On May 1, 2025, from 22:20 UTC to May 2, 2025 02:00 UTC, CircleCI customers experienced delays in starting most jobs. Jobs affected were contained to the following resource classes: Docker large, Docker medium, Docker small and Linux large. During this time customers may have also experienced delays in obtaining status checks.
(all times UTC)
At approximately 22:05 on May 1, 2025, we initiated a database upgrade to the service that dispatches jobs. We used a blue/green deployment to stand up a second database running the upgraded version and use logical replication to keep the data across the two databases in sync. We had been running the blue (old version) and the green (new version) without issues for a couple days and replication was confirmed to be in sync when we triggered the cut over from blue to green. Upon completion of the cutover process, we noticed application errors for jobs, which meant the application pods failed to automatically pickup the new DNS route. A rolling restart of the pods was performed, and all pods were back online with no further application errors as of 22:17.

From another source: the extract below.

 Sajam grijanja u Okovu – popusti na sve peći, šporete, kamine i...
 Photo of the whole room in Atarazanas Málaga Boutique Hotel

At 22:40, teams were alerted that Docker jobs were backing up. They initially investigated if the pod restarts caused fewer processing nodes to be online, and began to manually scale up the nodes. At 23:47, it was confirmed only a small quantity of jobs were making it through to the processing pods, causing the backlog and ruling out an infrastructure issue. It was determined that jobs in the following resource classes were not executing: Docker large, Docker medium, Docker small and Linux large.

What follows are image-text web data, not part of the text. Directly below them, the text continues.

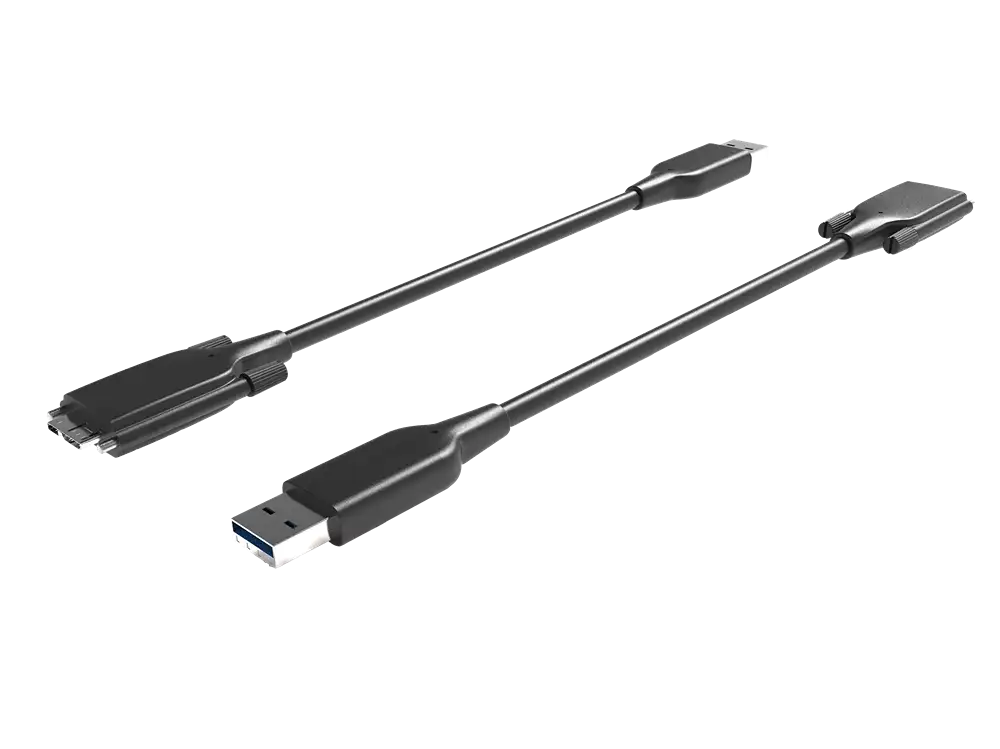 HikRobot SuperFlex USB 3.0 Datenkabel (Micro-B–USB-A), 10 m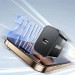 Essager Зарядний пристрій Essager USB-C PD20W + cable USB-C to USB-C 60W black (E20JSB1-SYTT1-T)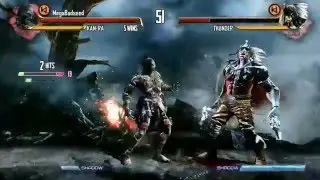 Killer Instinct *Kan-Ra* Highlights! Xbox One Gameplay Via Upload Studio.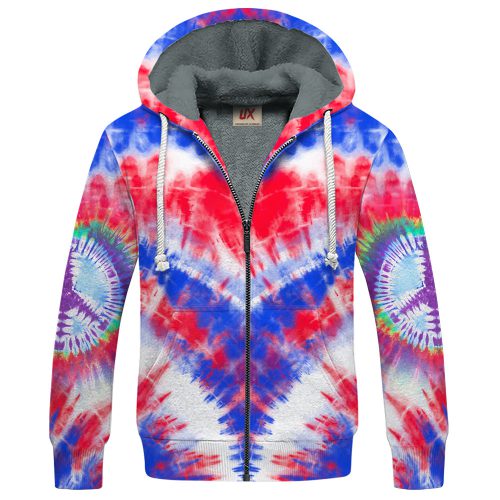 HIPPIE HBLTHI34 Premium Heavy Fleece Zip Hoodie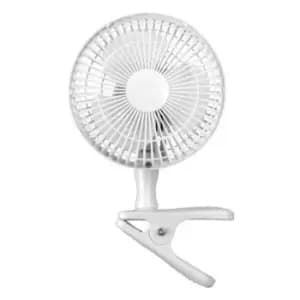 Slingsby Clip on Desk Fan - 6"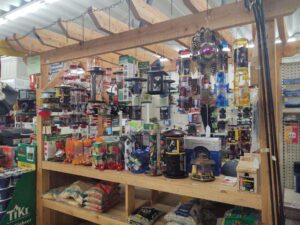 Clem's Hardware wild bird feeders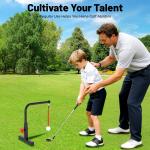 Adjustable Golf Swing Trainer Aid for Practice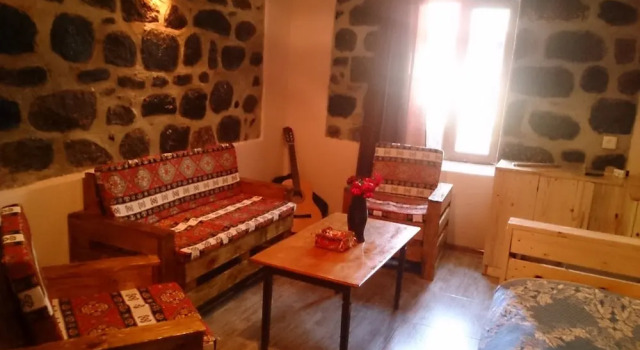 Трёхместный номер Standard с видом на сад Old Tatev Guesthouse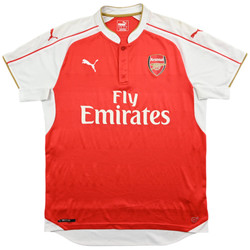 2015-16 ARSENAL LONDON SHIRT L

At 00:40 on May 2, 2025, orphaned task records for the above mentioned resource classes were identified. An orphaned task record is an item of work with no associated jobs, as these records were picked up by the service it causes a failure preventing the next record from being picked up. The team updated the task status to “completed” and immediately saw more jobs processing and the backlog of jobs dropped. By 00:45, the backlog of jobs had completely cleared and the issue was thought to be remediated.
At 00:56 UTC, an alert triggered, warning of a backlog of jobs once again. Upon investigation, it was determined that only some Docker resource classes were affected. These included large, medium and small, all other resource classes including Linux jobs were operating as expected. An investigation determined additional orphaned task records had been written to the database after 00:40. Logical replication was manually disabled and the orphaned task records were updated at 01:55. At 02:10 the backlog of jobs had once again cleared. The team continued to monitor over the following hour with no additional occurrences of orphaned tasks and declared the incident closed at 03:39.

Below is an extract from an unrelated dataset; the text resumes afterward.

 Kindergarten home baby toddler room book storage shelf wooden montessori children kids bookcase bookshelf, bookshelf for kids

Post-incident, the team continued to investigate. The root cause was determined to be a race condition between the application and logical replication when the application pods were restarted. A task event was rerun and wrote to the green (new) database before the original task event status was replicated from the blue (old) database. This created a unique constraint error that broke replication. Because logical replication does not respect foreign key constraints, task records were replicated to the green database which were older than those already in the green database, creating the orphaned task records seen during the incident. The issue resurfaced immediately after draining the job queue as the failed replication task tried to restart.
The incident has exposed the need to implement further controls on database writes during the upgrade process while using logical replication. Even if replication is in sync, the milliseconds network delay incurred in transferring the data can be enough to trigger this scenario.
We sincerely apologize for the disruption this incident caused to your ability to build on our platform. We understand the critical role CircleCI plays in your development workflow and take any service disruption seriously. We're committed to learning from this experience and have already implemented several measures to prevent similar occurrences in the future.
Thank you for your patience and continued trust in CircleCI.